Beginning. I think of my books’ beginnings classically, as invocations to the muses, who/whatever these muses may be.
Ending. Could be a segue into the next book’s concerns.
The Hustle. There’s the something beyond creation or the creative work — the marketing, the hustle, the move from creative person to business person, when engaged in manuscript submissions, combing finely through all the literary e-resources for publishers’ submissions calls (this is when it’s helpful to have a RSS feed reader), manuscript open reading periods, what publishers want what kind of work and by when. This is all task oriented: composing cover letters, e-submissions (for example, via Submishmash), or stocking up on printer toner, reams of paper, and making frequent trips to the post office.
What would my advice be here, except to read submissions calls carefully, completely, thoroughly. I can’t stress this enough. I frequently post submissions calls on the PAWA blog and listserv, and I cannot tell you how many people backchannel me, asking me for various types of information, when the submissions calls clearly provide the contact information in them, i.e. the parties to whom those questions should be directed. Asking me is like shooting the messenger. Moreover, the kinds of questions people ask me can be quickly resolved, again, by simply reading the submissions call.
People, to be a professional is to be able to read guidelines, and follow directions without freaking out.
My other piece of advice would be about entering your manuscript into contests. It’s OK to do this, though it’s never been my preference. I do the publisher query and the open submissions period. That’s what has worked for me, not just in getting my manuscript through the door, but throughout the editorial process and into the distribution and marketing of the book. So with contests, and of course, with all publishers to whom you submit, choose these wisely, be discerning. Which publishers forward work more in line with your aesthetics or politics? Do you feel more comfortable going with an established press or with an upstart one, with which you can grow? Look at their distribution networks. Look at their production values. Don’t just go with what’s “easiest.”

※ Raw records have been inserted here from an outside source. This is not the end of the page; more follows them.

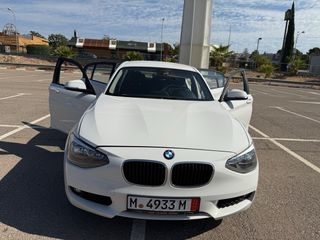 BMW Serie 1 2014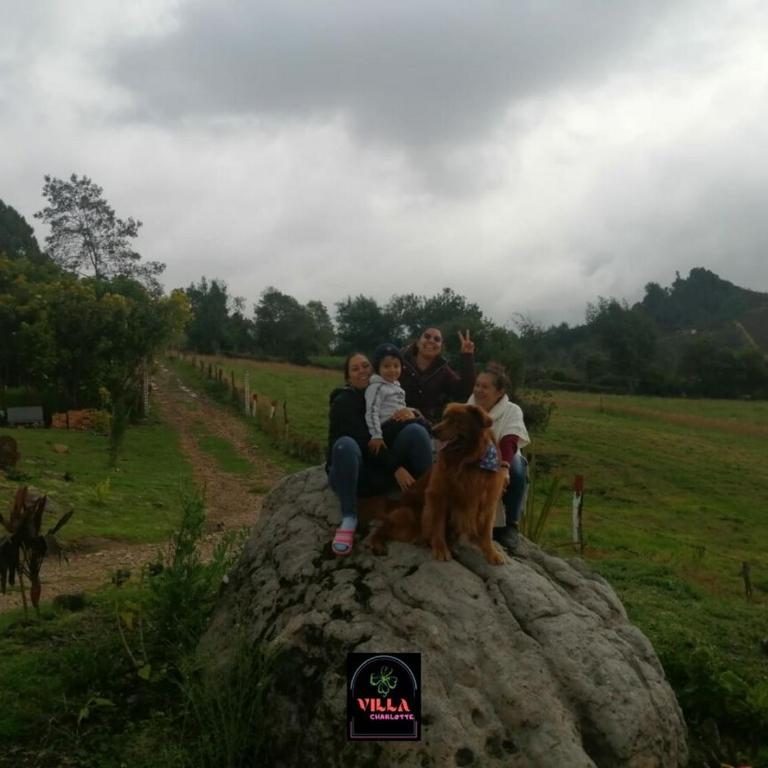 Villa Charlotte, Where You Purify Soul and Mind - Casa de 3 dormitorios - 61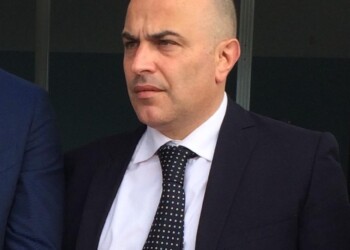 Famiglie bisognose in Campania, D’Avenia: “Serve una strategia per lo sviluppo economico e sociale del nostro territorio”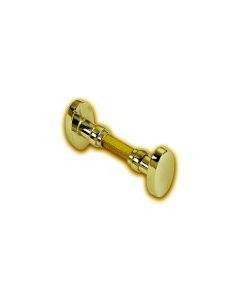 Brass Knob & Knob Door Handle
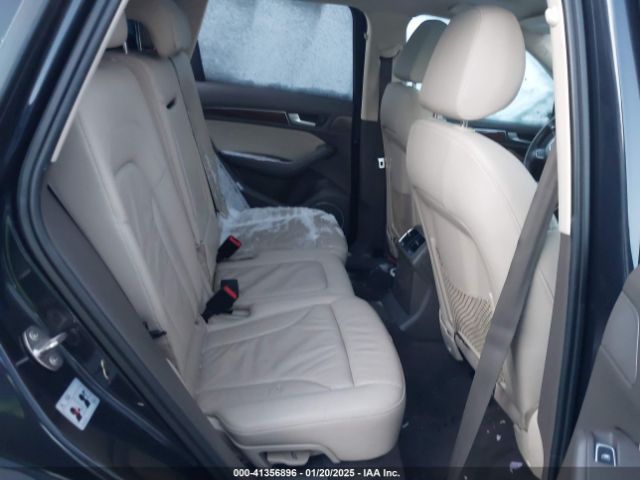 WA1L2AFP2GA131379 Audi Q5 2.0t Premium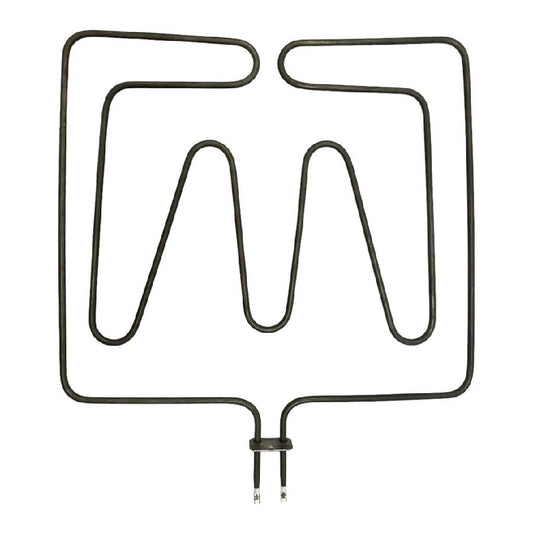 Resistencia Inferior Horno BEKO BBIM12309XPE 5.A18.0446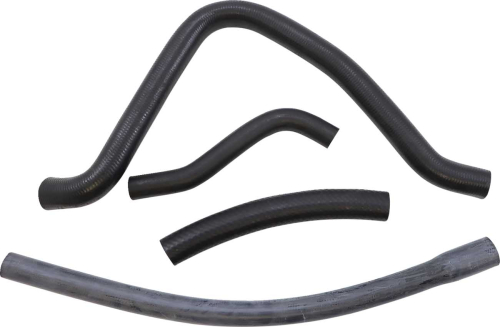 Moose Utility - Moose Utility Radiator Hose Kit - 1902-1788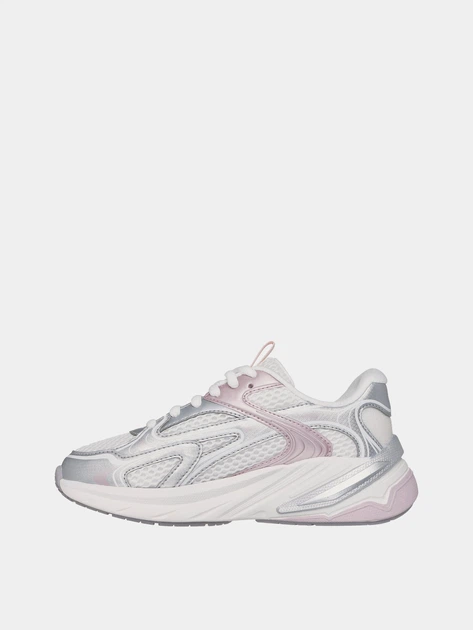 Кросівки повсякденні Skechers 9709776 Бежевий 39 KK3842 - Фото 2 Кросівки повсякденні Skechers 9709776 Бежевий 39 KK3842 - зображення 2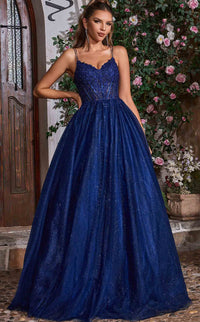 Jadore J26007 Dress view 6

I’ve heard of writers who feel totally screwed in varying degrees, by a contest they have won. Much of this being/feeling screwed can be attributed to the fact that there is little or no opportunity to establish a relationship with an editor or publisher to continue to grow and foster, when going the contest route. An outside judge has been paid to yay or nay your work, before cutting out and getting to the next gig, regardless of what the editors/publishers think, and you haven’t had to opportunity to introduce yourself to them.
Moreover, contest fees can add up to a lot of money better spent on things like rent/mortgage, groceries, et al. Still, these days, some publishers also have submissions fees, which I used to be fervently against. Recently, I’d heard a poetry teacher I know tell her students those fees are basically donations to the indie presses, whom we know are not swimming in cash. So one way to feel OK about parting with more cash is to think about it in terms of supporting the indie publishing industry.
And it’s precisely because I am tapped into so many resources that (1) people ask me for/about stuff all the time, and (2) it makes sense to share all of this information with others. The danger, of course, is taking on too much work, and losing focus as an artist.
Next blog post, post-Rapture, I will talk about Curation.
For now, it’s all about the Red Rockers’ version of “Eve of Destruction,” some Guns N’ Roses (they’re appropriate for the End of the World), Nine Inch Nails’ post-apocalyptic Year Zero, and watching again the Randy Savage vs. Ricky “the Dragon” Steamboat, in honor of Savage’s recent demise.